## [AIM OF THE TASK]
Work through the listing below and give again exactly the lines from the one with "Elegant Lighting Lambert" to the one with "windows-10-opened-share-pane-2", both ends included. All other lines and all pictures stay out.

## [MATERIALS PROVIDED]
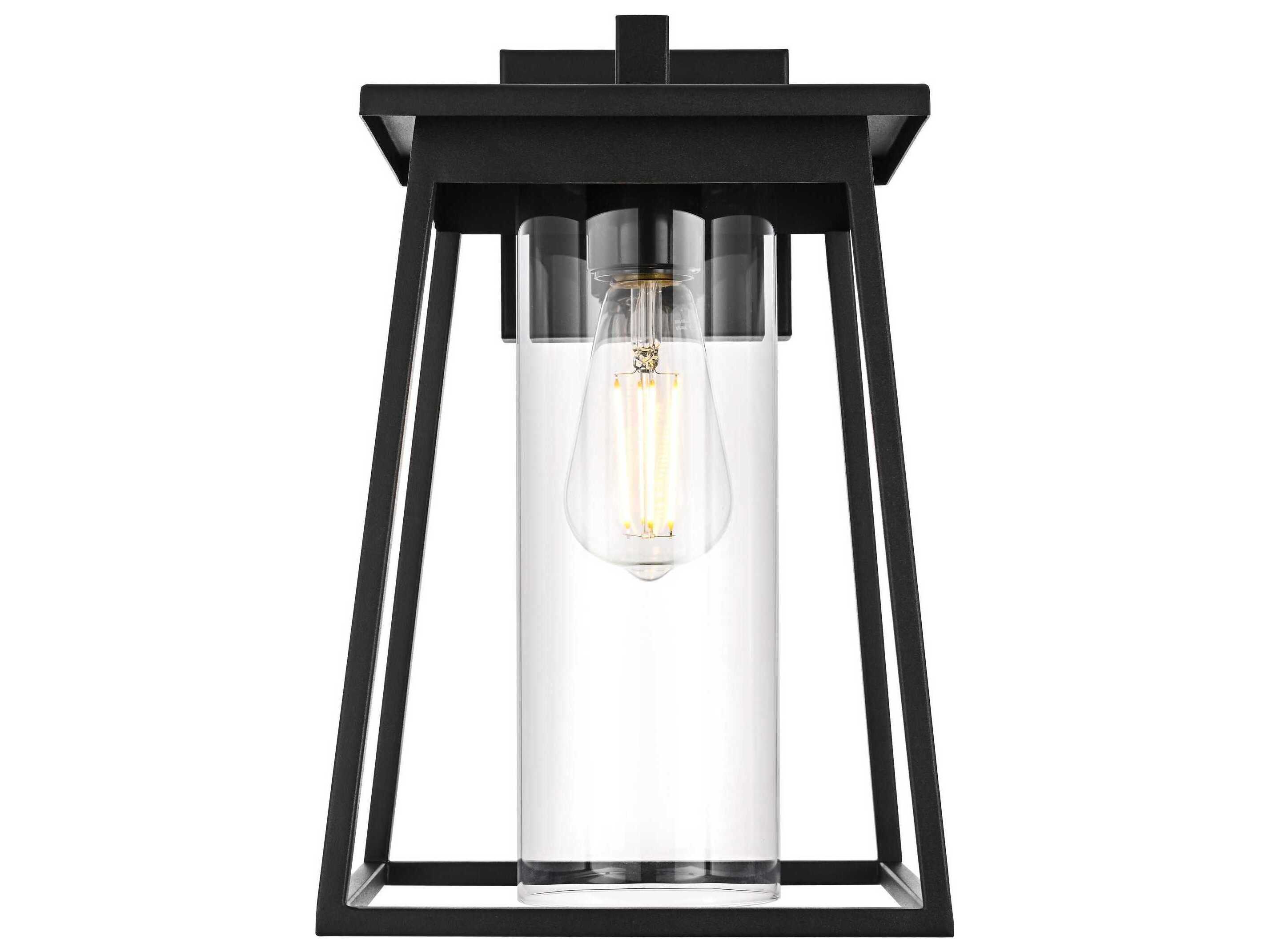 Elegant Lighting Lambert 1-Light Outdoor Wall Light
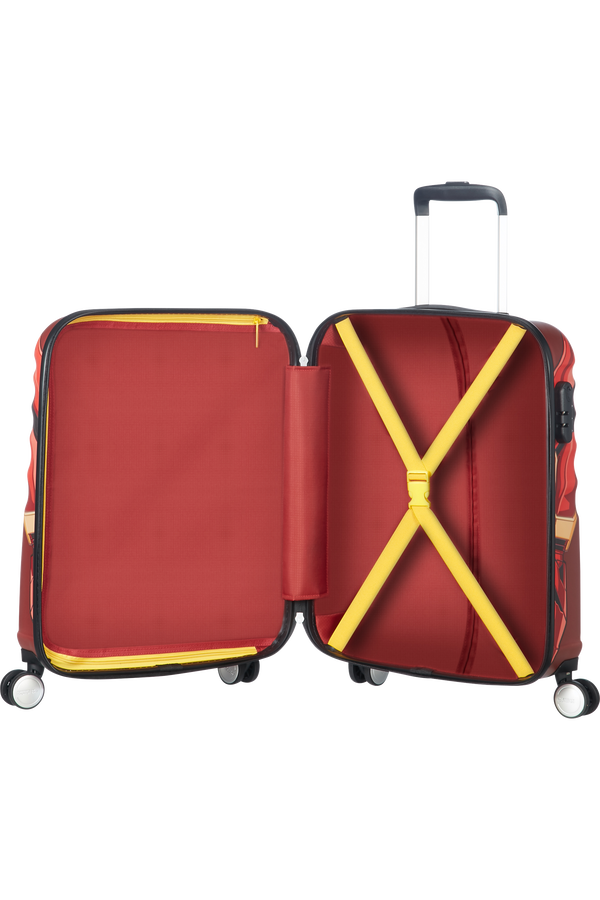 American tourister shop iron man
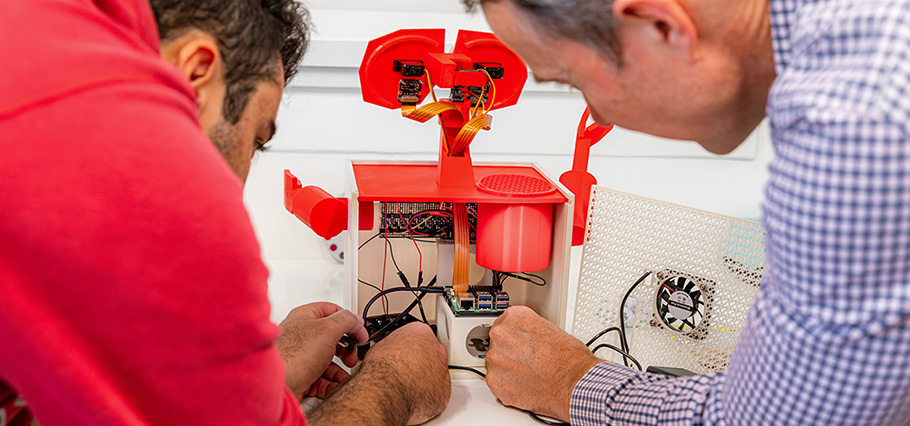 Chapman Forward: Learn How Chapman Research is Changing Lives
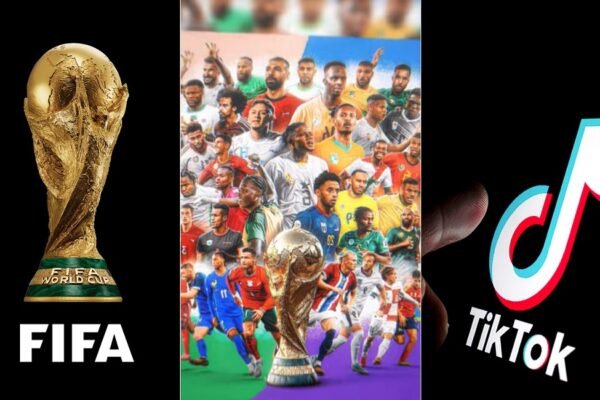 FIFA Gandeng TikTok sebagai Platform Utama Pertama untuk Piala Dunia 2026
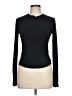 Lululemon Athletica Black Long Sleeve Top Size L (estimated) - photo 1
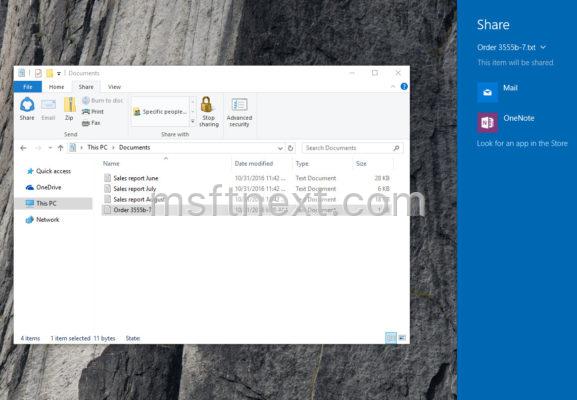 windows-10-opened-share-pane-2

==

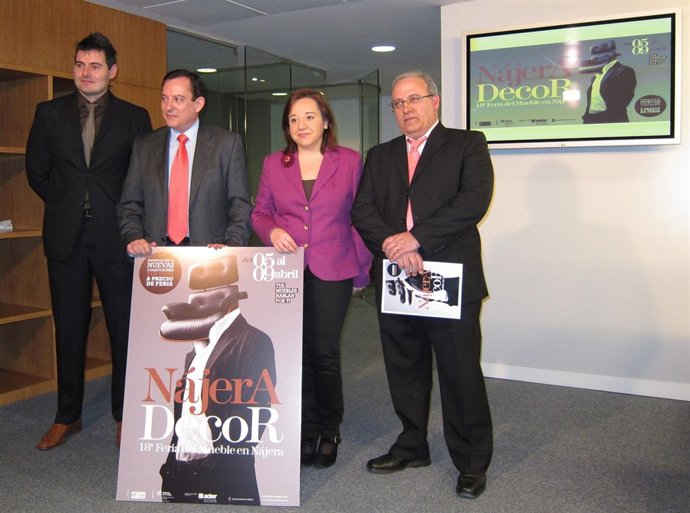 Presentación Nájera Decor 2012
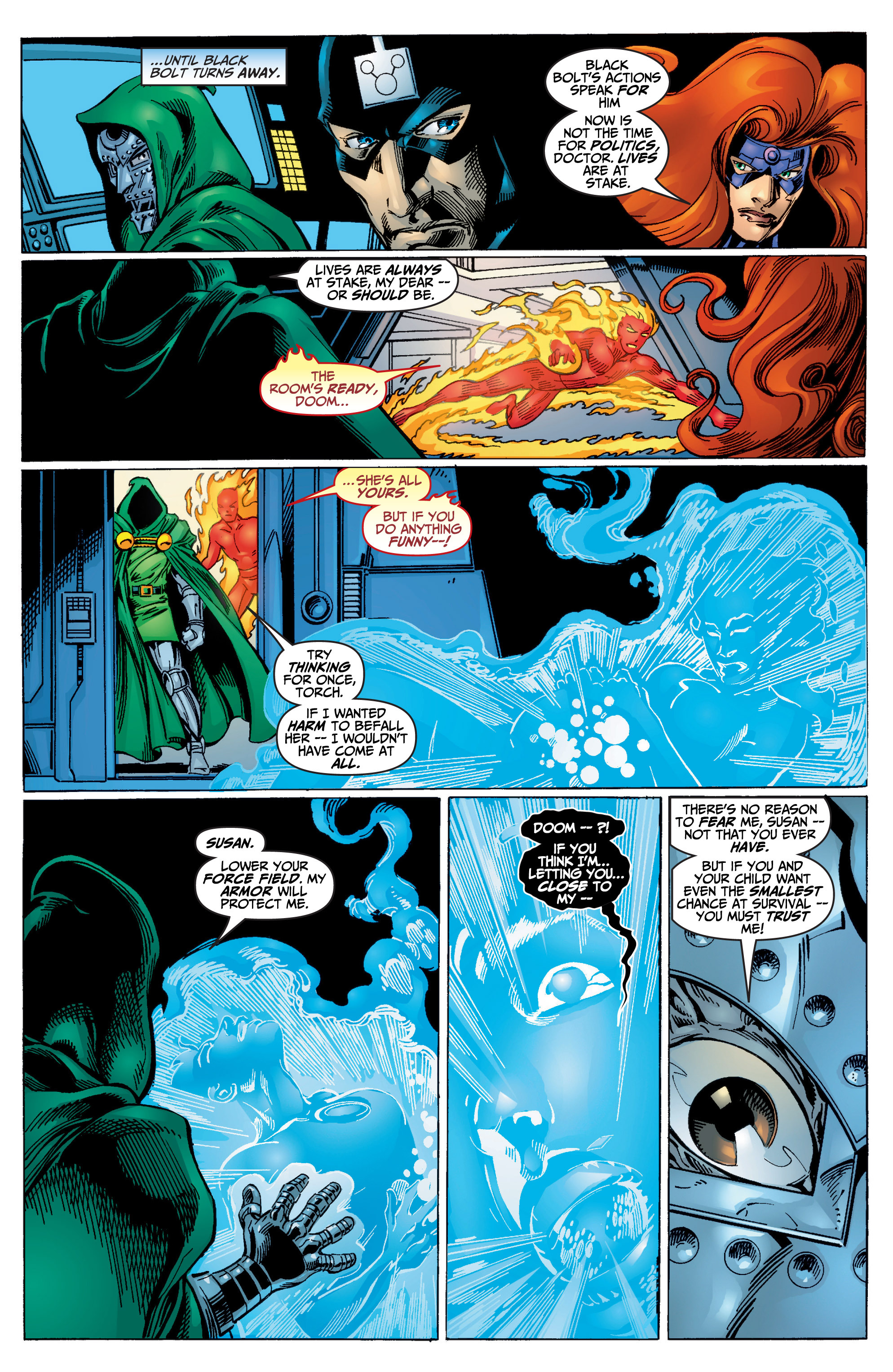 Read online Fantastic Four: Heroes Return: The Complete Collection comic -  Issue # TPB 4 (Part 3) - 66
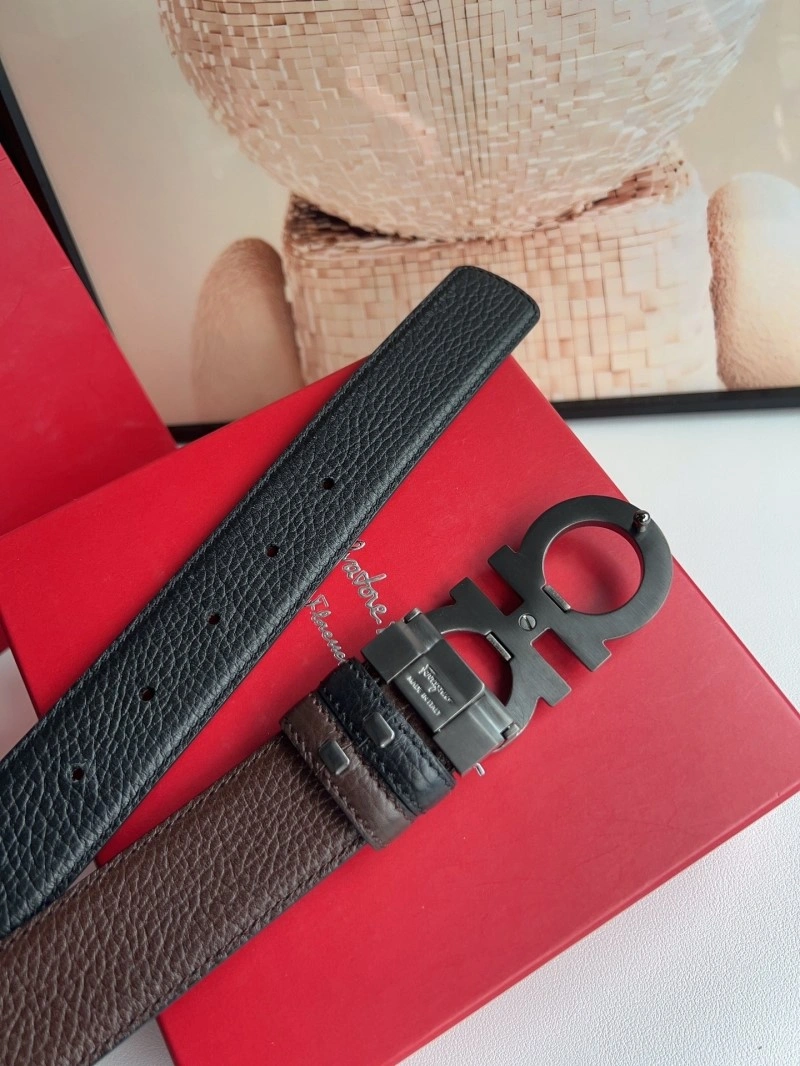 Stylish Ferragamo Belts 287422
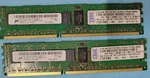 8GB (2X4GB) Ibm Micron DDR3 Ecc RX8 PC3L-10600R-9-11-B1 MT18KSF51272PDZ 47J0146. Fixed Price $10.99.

## [PROBLEM SOLUTION]
 Elegant Lighting Lambert 1-Light Outdoor Wall Light
 American tourister shop iron man
 Chapman Forward: Learn How Chapman Research is Changing Lives
 FIFA Gandeng TikTok sebagai Platform Utama Pertama untuk Piala Dunia 2026
 Lululemon Athletica Black Long Sleeve Top Size L (estimated) - photo 1
 windows-10-opened-share-pane-2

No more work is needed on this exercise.